You are on your way to a job interview in your Uber. You were paired with a quality driver because you hold a 4.7 rating. At the interview, the employer pulls out their computer to check your employee score which is an impressive 4.6 out of 5. You get the job. To celebrate, you decide to go to a nice restaurant, so you pull up Yelp to check for the best spots in your area. That Italian restaurant rated 4.8 out of 5 stars sounds promising.
Rating systems have become integral to how we make decisions today.
As part of this new digital era, the sharing economy requires trust to function, and that trust is based on user ratings. These ratings are the key to keep the likes of Uber, Airbnb, and eBay an attractive option for users.
Rating systems make people accountable for their actions both good and bad, rewarding those who behave well and punishing the wrongdoers. But as more companies begin to adapt the rating model, we enter an age of hyper-accountability. Sharing-economy participants will have every transaction contribute to a reputation that will follow them, potentially for the rest of their lives. The question then becomes, how do we feel about this new environment of hyper-accountability?

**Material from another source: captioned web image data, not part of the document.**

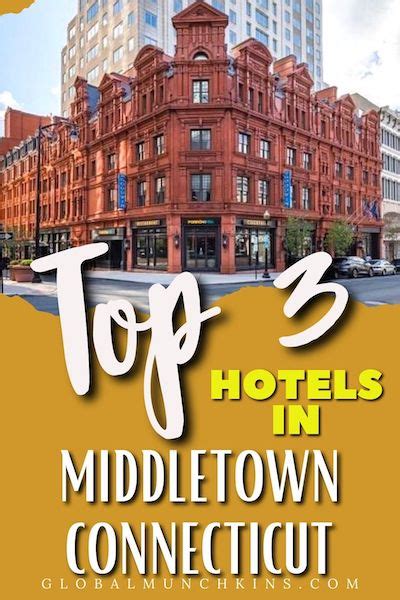 Top 3 Picks of the Best Hotels in Middletown Connecticut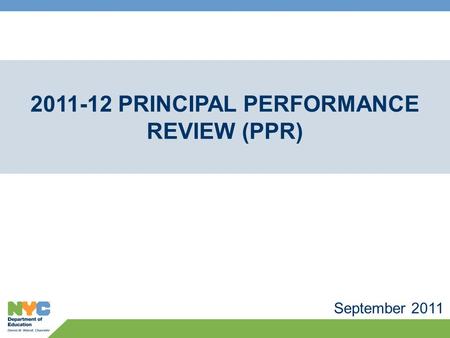 September 2011 2011-12 PRINCIPAL PERFORMANCE REVIEW (PPR)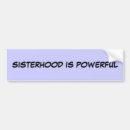 Search for powerfulness bumper stickers Feminism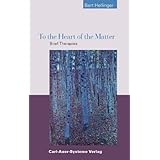 to the heart of the matter brief therapies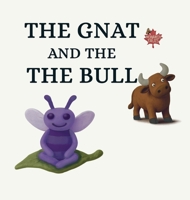 The Gnat and The Bull 1997874334 Book Cover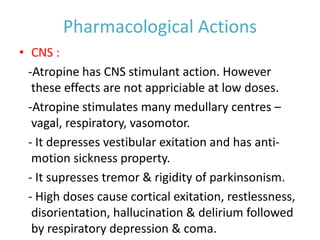 Pharmacological Actions
• CNS :
-Atropine has CNS stimulant action. However
these effects are not appriciable at low doses.
-Atropine stimulates many medullary centres –
vagal, respiratory, vasomotor.
- It depresses vestibular exitation and has anti-
motion sickness property.
- It supresses tremor & rigidity of parkinsonism.
- High doses cause cortical exitation, restlessness,
disorientation, hallucination & delirium followed
by respiratory depression & coma.
 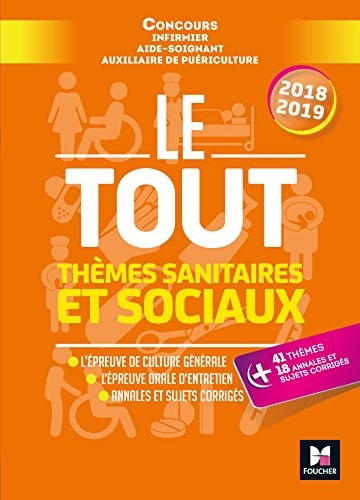 Le Tout Thèmes sanitaires et sociaux Concours infirmier, aide-soignant, auxiliaire de puériculture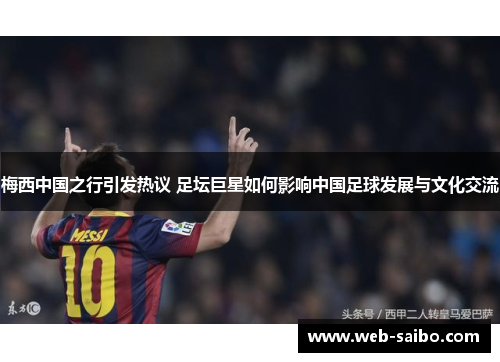 梅西中国之行引发热议 足坛巨星如何影响中国足球发展与文化交流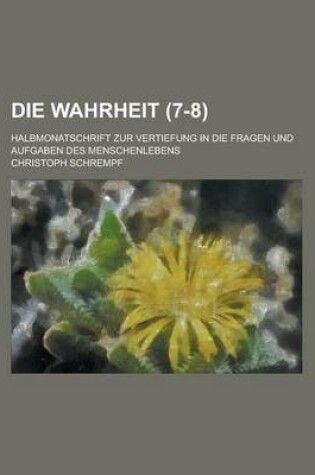 Cover of Die Wahrheit; Halbmonatschrift Zur Vertiefung in Die Fragen Und Aufgaben Des Menschenlebens (7-8)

Everyone is beginning to be more accountable for everything they do and say, attaching ratings to actions and purchases. In the case of Uber, passengers act as unpaid supervisors, managing Uber’s workforce by monitoring driver behaviour. If you were a driver and your rating fell below 4.6, you can be deactivated from the service. This means that being rated a 4 out of 5 stars is essentially a fail, putting serious economic power in the hands of the user.

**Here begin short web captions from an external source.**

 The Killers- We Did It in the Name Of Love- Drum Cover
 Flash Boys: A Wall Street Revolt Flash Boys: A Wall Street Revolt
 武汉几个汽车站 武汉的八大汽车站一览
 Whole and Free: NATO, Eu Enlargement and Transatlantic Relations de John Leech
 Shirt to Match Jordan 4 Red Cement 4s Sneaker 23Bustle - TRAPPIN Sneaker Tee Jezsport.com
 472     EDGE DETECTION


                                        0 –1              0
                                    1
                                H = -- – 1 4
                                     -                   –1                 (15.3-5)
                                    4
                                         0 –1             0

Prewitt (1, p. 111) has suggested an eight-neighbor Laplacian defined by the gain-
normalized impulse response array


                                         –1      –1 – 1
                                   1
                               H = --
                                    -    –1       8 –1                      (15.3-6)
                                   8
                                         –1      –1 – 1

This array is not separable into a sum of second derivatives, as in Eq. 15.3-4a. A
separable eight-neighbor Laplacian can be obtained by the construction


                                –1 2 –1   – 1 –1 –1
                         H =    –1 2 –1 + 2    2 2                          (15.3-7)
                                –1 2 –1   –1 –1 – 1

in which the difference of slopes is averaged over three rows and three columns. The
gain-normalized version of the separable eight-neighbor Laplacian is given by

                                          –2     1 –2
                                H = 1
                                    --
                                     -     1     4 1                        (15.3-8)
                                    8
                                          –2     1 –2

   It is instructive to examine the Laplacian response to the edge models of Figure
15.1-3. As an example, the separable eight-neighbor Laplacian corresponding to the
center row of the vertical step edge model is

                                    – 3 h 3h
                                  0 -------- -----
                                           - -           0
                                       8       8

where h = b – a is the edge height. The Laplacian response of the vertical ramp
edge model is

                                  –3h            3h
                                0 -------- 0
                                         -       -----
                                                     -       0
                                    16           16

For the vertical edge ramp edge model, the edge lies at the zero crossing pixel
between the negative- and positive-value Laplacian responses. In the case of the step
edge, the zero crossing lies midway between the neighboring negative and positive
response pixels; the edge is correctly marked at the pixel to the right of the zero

The contrary argument is that ratings help improve the behaviour of the parties being rated. In the case of Uber, you are likely to be a courteous passenger if you know getting a bad score might result in you being banned from using the service in the future. I completely agree with this argument and am a supporter of rating systems because of it, but it is necessary to be aware of the other side of this accountability system.

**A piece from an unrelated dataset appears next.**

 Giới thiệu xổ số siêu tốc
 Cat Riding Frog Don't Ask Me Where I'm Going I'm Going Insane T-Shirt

We lack standardized reputation systems
This means vyou must rebuild your online reputation for every new service you sign up for. It would be beneficial if my ratings on Uber and Airbnb were transferred to ratings on emerging systems, so users can not only determine if I am a well behaved contributor on one platform but through the system as a whole. Allowing for more data points will help elevate these one-off situations that damage your reputation. On the flip side, this can also mean that negative actions in one platform will follow you across all platforms, making you even more accountable for your actions.
Recently, I made a booking on Airbnb. Since one of the three ratings I have received was 4 out of 5 stars, or a fail in the eyes of Uber, the host was hesitant to allow me to rent. The renter’s perspective is completely understandable, as they are lending out their property to a complete stranger. But as someone who is a positive contributor to the sharing economy, it is scary to think that one minuscule negative action in the past can tarnish my reputation as a user.
Rating systems are forging new power structures, and one cannot forget that there is an insidious side to those stars.